Carter, now in his 25th year at FMU, says that while casting the votes for change was important, that wasn’t their most critical contribution.
“Robert, Randy – and I’d certainly include other long-term trustees like Ken Jackson and George McIntyre – they were the major advocates in pulling people together for change at an important time in the university’s history,” says Carter. “That can’t be understated. But what they also did was change the perspective, from a board of trustees that heavily influenced the administration and faculty to one that was focused on policy. They stepped away from trying to manage the day-to-day affairs.
“Which,” Carter says, “is exactly the opposite of what you see from most boards and board members, and which is one of the great secrets to any success we may have had here.”
Says Lee, who was elected board chairman just as Carter became FMU’s new president, “From the beginning (with Carter) we talked about this thing called shared governance. … We started moving towards that model.

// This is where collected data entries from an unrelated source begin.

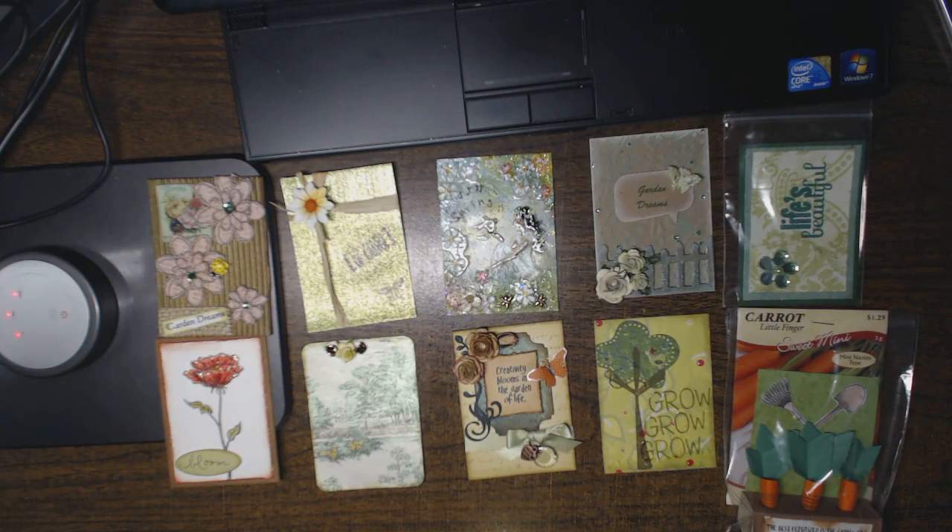Hi everyone, this is Natasha and I wanted to share with you the Your Paper Pantry April ATC cards.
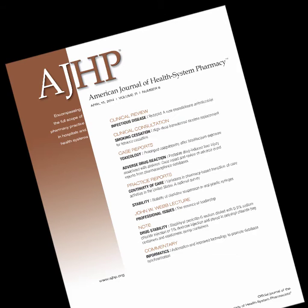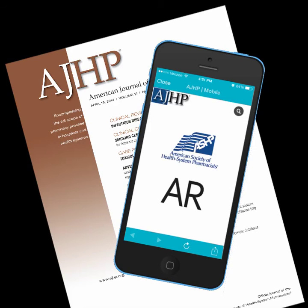AJHP continues to lead all pharmacy journals as the most electronically enhanced. AR adds yet another easy-to-use feature, connecting the printed pages of AJHP with additional online information. Try it yourself — download the Layar app and explore the augmented reality built into AJHP.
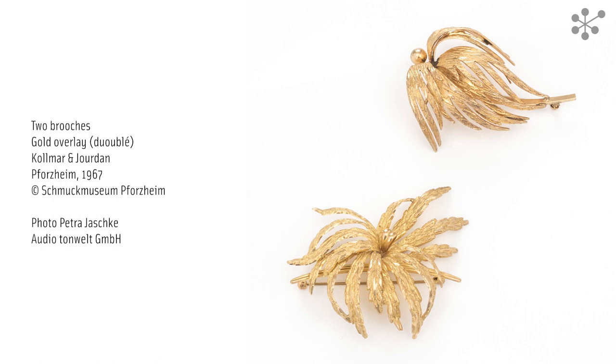The two brooches in the centre of this display case were produced by the long-established Pforzheim company Colmar and Jourdan in 1967. They both have been crafted in the shape of a flower with elegantly curved petals. Brooches were very fashionable in the 1950s and 60s. They were often used to accessorise austerely tailored suits or cocktail dresses. These brooches are gilded.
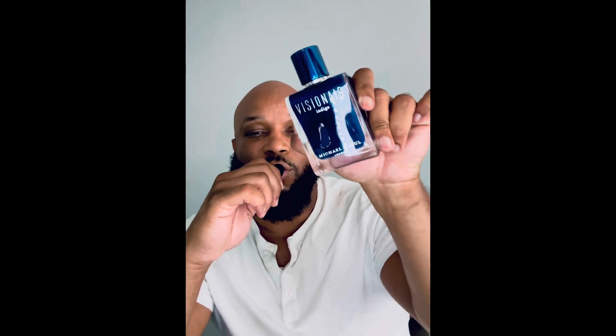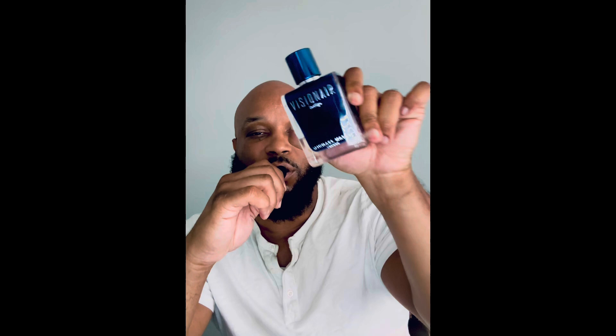Remember, Visionary Indigo is a fragrance — fellas, y'all gotta try it. This fragrance is really dope. Like, comment, and subscribe, and I'll be back soon with another fragrance review. Happy 4th of July — have a great rest of the day. Peace.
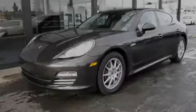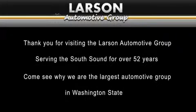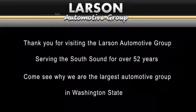Stop by today and test-drive this automobile for yourself. Thank you for visiting the Larson Automotive Group, serving the South Sound for over 52 years. Come see why we're the largest automotive group in Washington State.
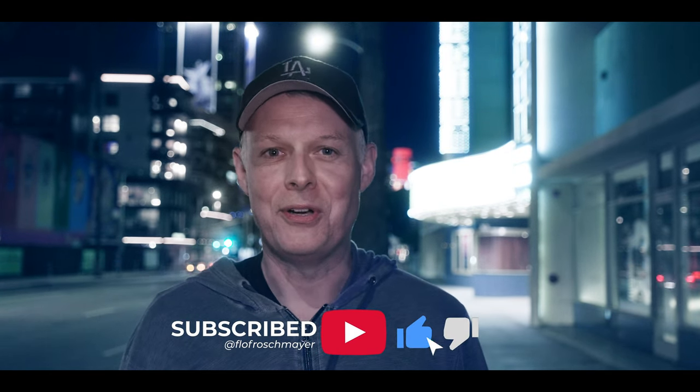If you liked this video, please like and subscribe. And remember, always stay curious. See you in the next video.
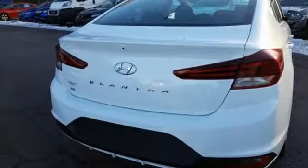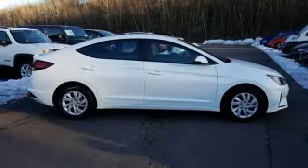Hyundai's attention to detail means a better driving experience for you. Take it for a test drive today.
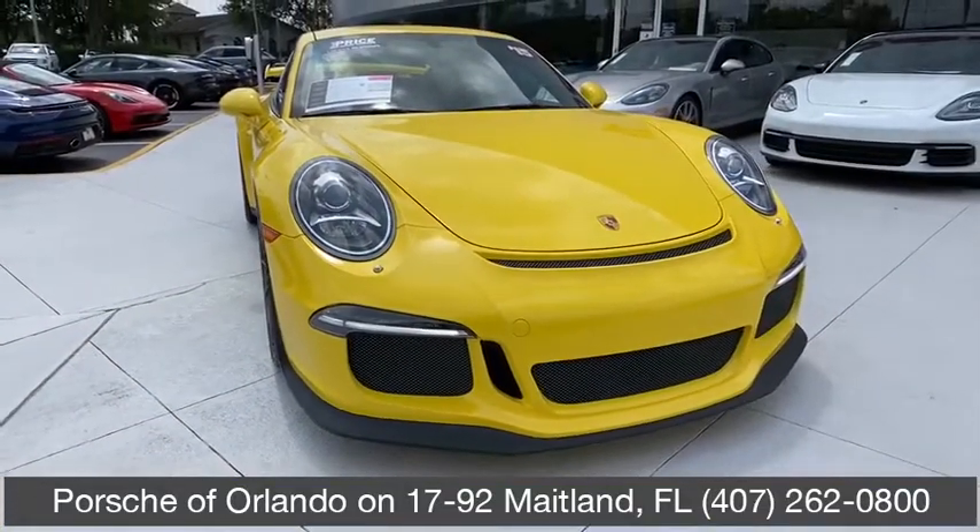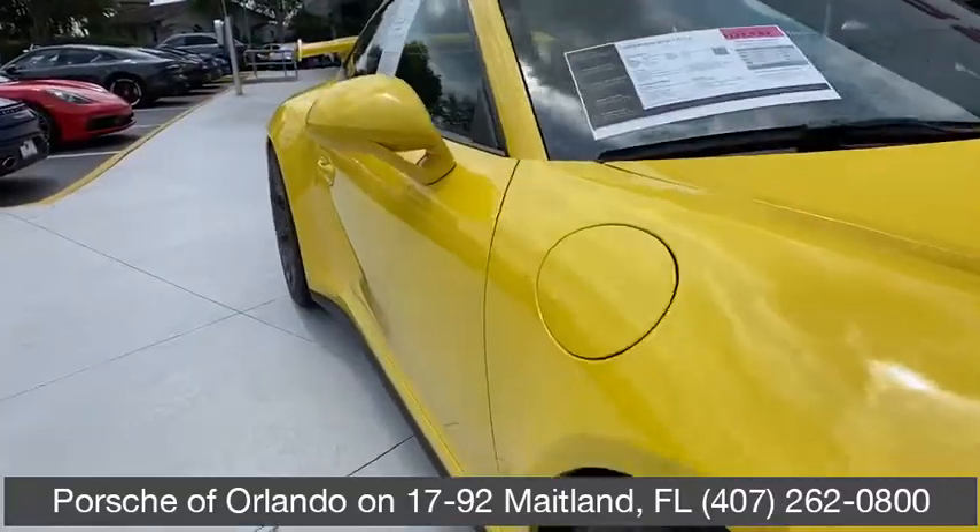This vehicle has less than 15,000 miles. Here are some of this vehicle's great options.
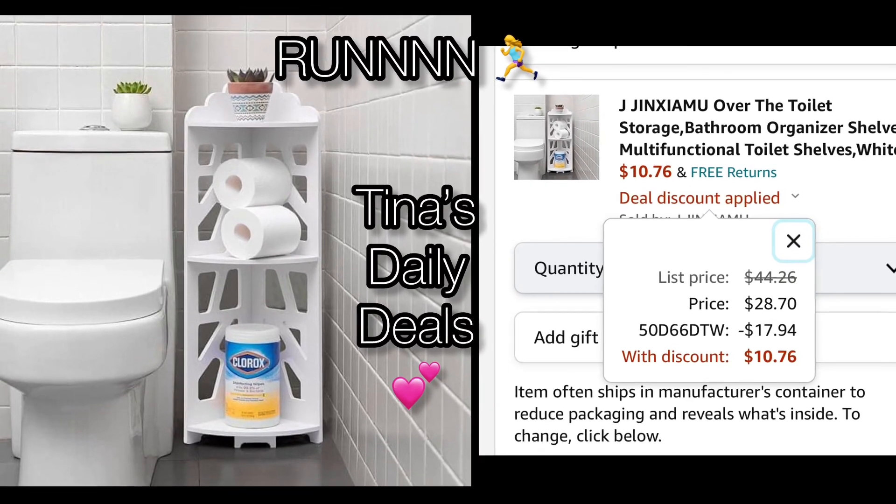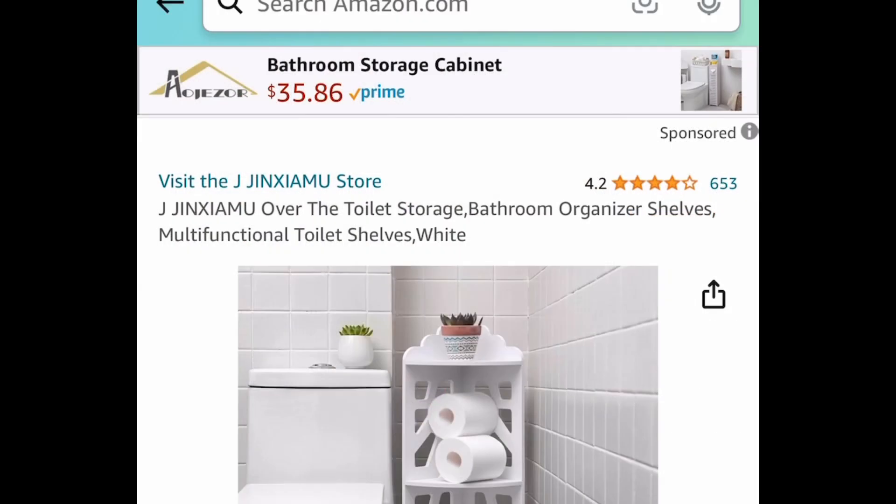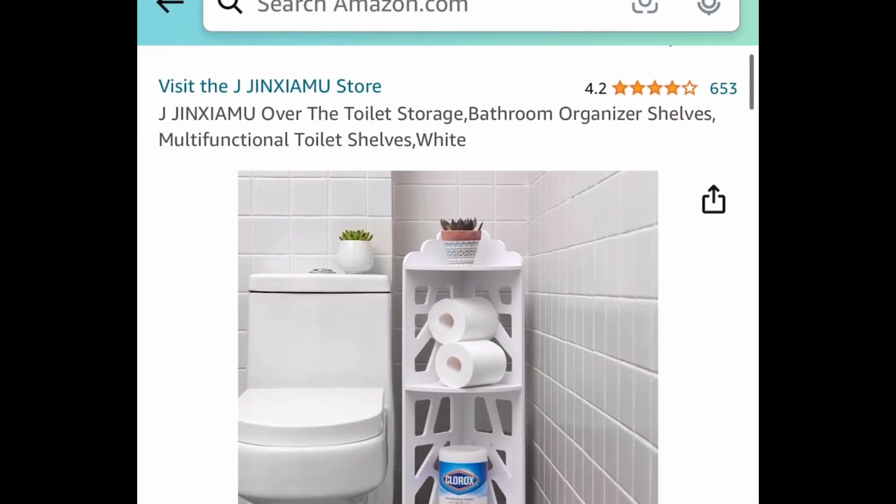Hey there everyone! Welcome back to Tina's Daily Deals. I'm coming at you with a lightning deal — we're skipping the intro. Here we have this bathroom organizer shelf, and it's a tiered one.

“It’s not complicated, really,” says Lee. “Everyone has a job and stays in their lane. We got the board out of management, out of academics. We set policy. Dr. Carter and the administration can handle that, and faculty can handle the academic side. You trust each other enough to do your job, and that’s what we did and as you can see, it really works well.”
Carter says naming the wings of the new building is the perfect tribute for “two loyal alums who have worked hand in hand on so many issues through the years. It’s a great way for us to honor and remember them, and they should be remembered. They made a tremendous difference in this university.”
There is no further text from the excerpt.